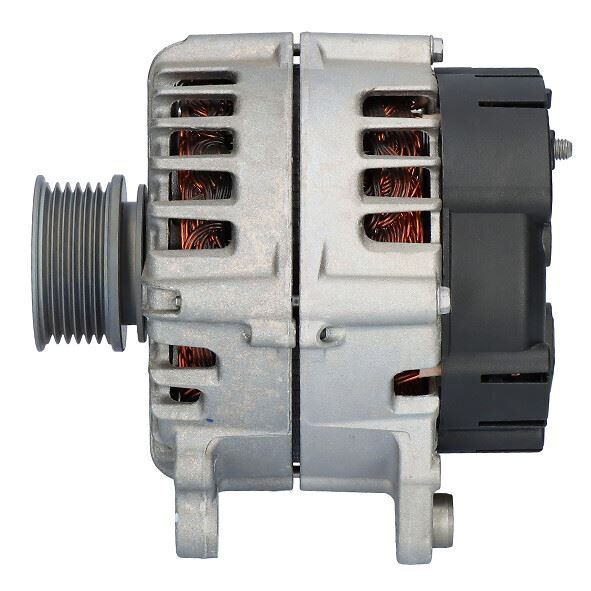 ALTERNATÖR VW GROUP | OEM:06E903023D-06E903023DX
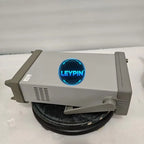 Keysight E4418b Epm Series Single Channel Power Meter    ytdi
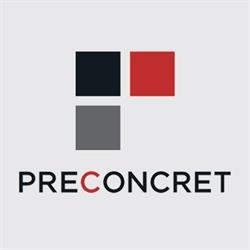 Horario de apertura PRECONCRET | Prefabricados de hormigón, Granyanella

* * * * * * * * *

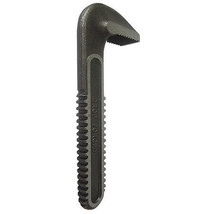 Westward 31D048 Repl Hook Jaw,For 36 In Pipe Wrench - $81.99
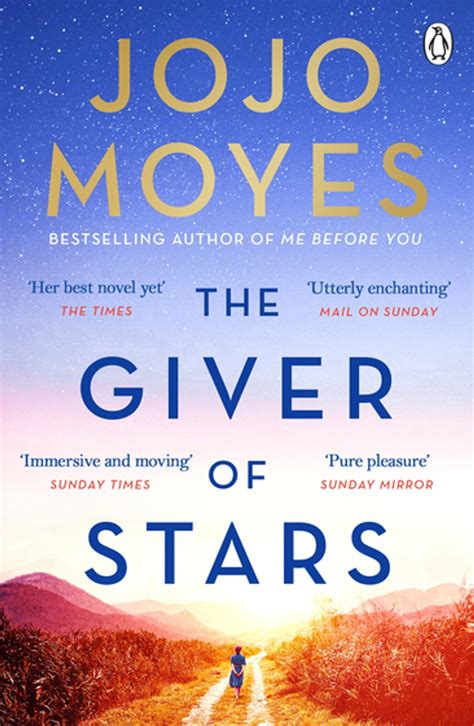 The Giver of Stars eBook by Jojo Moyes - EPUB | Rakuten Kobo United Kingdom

* * * * * * * * *

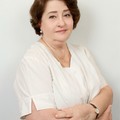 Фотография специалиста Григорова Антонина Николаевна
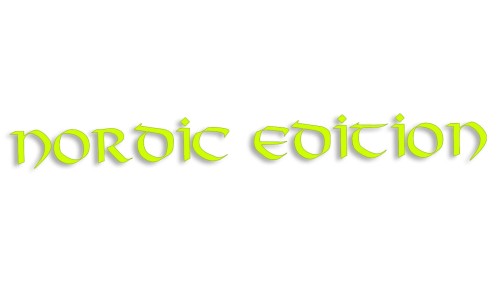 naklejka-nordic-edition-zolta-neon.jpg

* * * * * * * * *

**Task statement**
When you reach the line that has "Фотография специалиста Григорова" in the data above, start repeating lines exactly, and stop after the line that has "naklejka-nordic-edition-zolta-neon.jpg"; pictures stay out.

**Result**
 Фотография специалиста Григорова Антонина Николаевна
 naklejka-nordic-edition-zolta-neon.jpg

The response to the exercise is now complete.